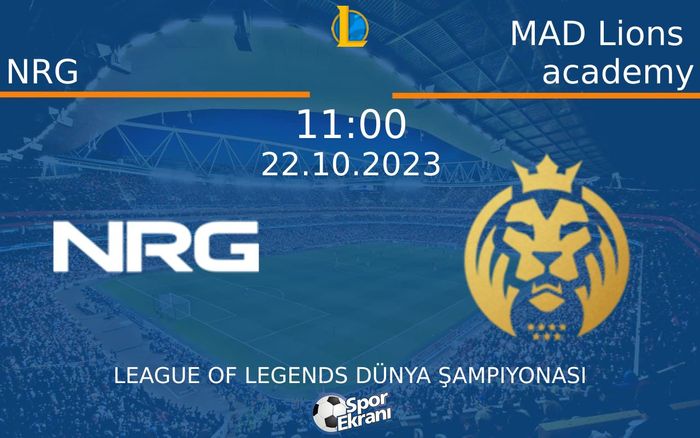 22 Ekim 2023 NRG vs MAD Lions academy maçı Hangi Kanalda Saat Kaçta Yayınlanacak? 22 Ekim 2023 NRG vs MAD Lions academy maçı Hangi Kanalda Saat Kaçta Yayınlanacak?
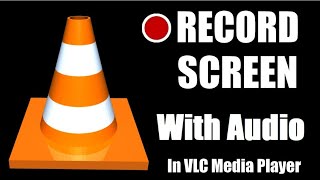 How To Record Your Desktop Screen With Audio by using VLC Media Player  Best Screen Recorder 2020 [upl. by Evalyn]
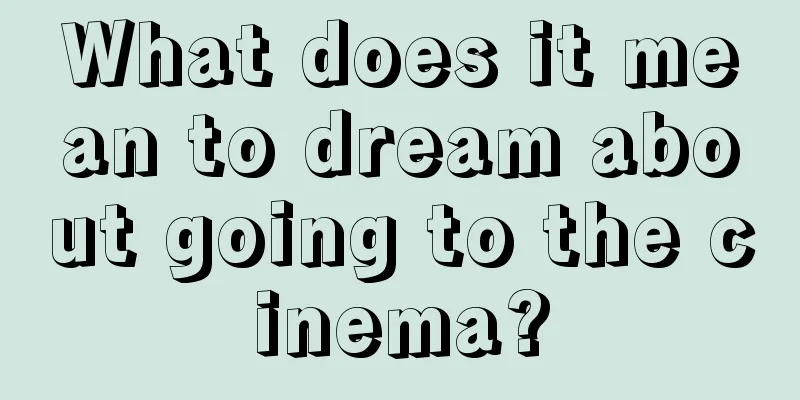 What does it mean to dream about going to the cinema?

————————

- [Exercise] Reproduce, unchanged, each line between the one with "How To Record" and the last line of the material, both included; the pictures do not go in.

- [Problem solution]
 How To Record Your Desktop Screen With Audio by using VLC Media Player  Best Screen Recorder 2020 [upl. by Evalyn]
 What does it mean to dream about going to the cinema?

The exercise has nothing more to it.